30 mai 2005

De l'incompétence en politique (française)

J'immigre en Slovaquie le 1er Juillet, oh, pas pour la vie, pour une mission de deux ans tout en laissant ma famille en France, car tel est l'arrangement qui convient à tous. Les allers-retours seront donc nombreux sur SKY Europe, cette société aérienne slovaque à capitaux belges qui occupe à présent une belle part de marché du transport aérien en Europe centrale (quel dynamisme!).
Au moment où la France vote non à la constitution européenne, c'est tout un symbole. Cela fera du bien de prendre quelque distance par rapport à notre classe politique franco-française.

Quelle suffisance! Quelle incompétence! Quel gâchis!

Cela commence avec l'homme qui incarne la constitution européenne, qui prend la liberté de la présenter en parlant haut et fort du grand danger que la Turquie présenterait pour l'Europe - cela sans consulter personne bien évidemment, la centaine de personnalités européennes qui ont collaborré à la rédaction de ce texte en est ainsi dépossédée. A la réflexion, il n'y avait d'ailleurs pas de propos plus efficace à tenir pour créer un climat de défiance autour de la constitution européenne. (Et puis quelle prise de conscience tardive de la géographie ; si la Turquie "n'est pas en Europe", n'aurait-il pas été plus expédient d'en faire état entre 1974 et 1981 ?)

Cela continue avec l'homme qui nous gouverne et qui sait bien que dans la tradition de la cinquième république du référendum-plébiscite, on répond traditionnellement dans nos référendums à tout sauf à la question posée sur le papier, un homme qui poursuit sa longue série de manoeuvres politiques maladroites aux conséquences désastreuses. Heureusement, François Mitterrand a mis fin, avec quel brio, et avec quelle absence totale de sens moral, au sens de l'honneur que cultivait le général de Gaulle. Un désaveu électoral si grand soit-il n'a donc plus aucune espèce de conséquence. C'était donc un référendum-plébiscite sans risque pour le locataire de l'Elysée, dont les seules victimes seront éventuellement la France et l'Europe. Si vous en doutiez, considérez le demi-sourire du chef de l'Etat dans son allocution télévisée du 29 mai au soir : il n'a pas vraiment l'air personnellement affecté par les résultats.
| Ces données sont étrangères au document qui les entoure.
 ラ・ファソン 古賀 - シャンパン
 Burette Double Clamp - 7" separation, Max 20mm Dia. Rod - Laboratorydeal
Cela se poursuit encore avec l'ex-plus jeune premier ministre "que j'ai donné à la France" comme disait François Mitterrand. Pour quelqu'un qui "souhaite l'Europe de toutes ses forces" (disait-il dans son premier discours de politique générale), pour quelqu'un qui a porté le projet d'élargissement à l'Espagne et au Portugal, il porte particulièrement la responsabilité de ce qui va se produire maintenant, car sans la respectabilité et la crédibilité qu'il a a apporté au vote non, par une campagne personnelle insidieuse et irrespectueuse de la disicipline de son parti, sans cette alliance contre nature de jeune docteur Faust en mal de pouvoir avec les extrêmistes néo-fascistes et néo-trotskystes qui continuent de peupler notre paysage politique désuet, bref sans l'action personnelle de notre ex-plus jeune premier ministre, la victoire du non n'eût pas été possible.

Nous allons voir comment nos brillants esprits vont maintenant expliquer aux hommes politiques - tant libéraux que socialistes - des autres pays européens ce que veut la France, et surtout comment ils vont l'obtenir. Car les hommes politiques des autres pays européens ne sont sans doute pas énarques, certains sont sans doute même issus des classes populaires et montés au travers du syndicalisme, mais ils ne sont pas fous, et ils sauront négocier et obtenir de la France de nouvelles concessions pour prix de son inconstance.

Je ne suis pas mécontent de devoir assister à cet épisode depuis un point d'observation extérieur. Et puis si c'est un pays dont les dirigeants ont les pieds sur terre, sans doute peut-on en apprendre quelque chose.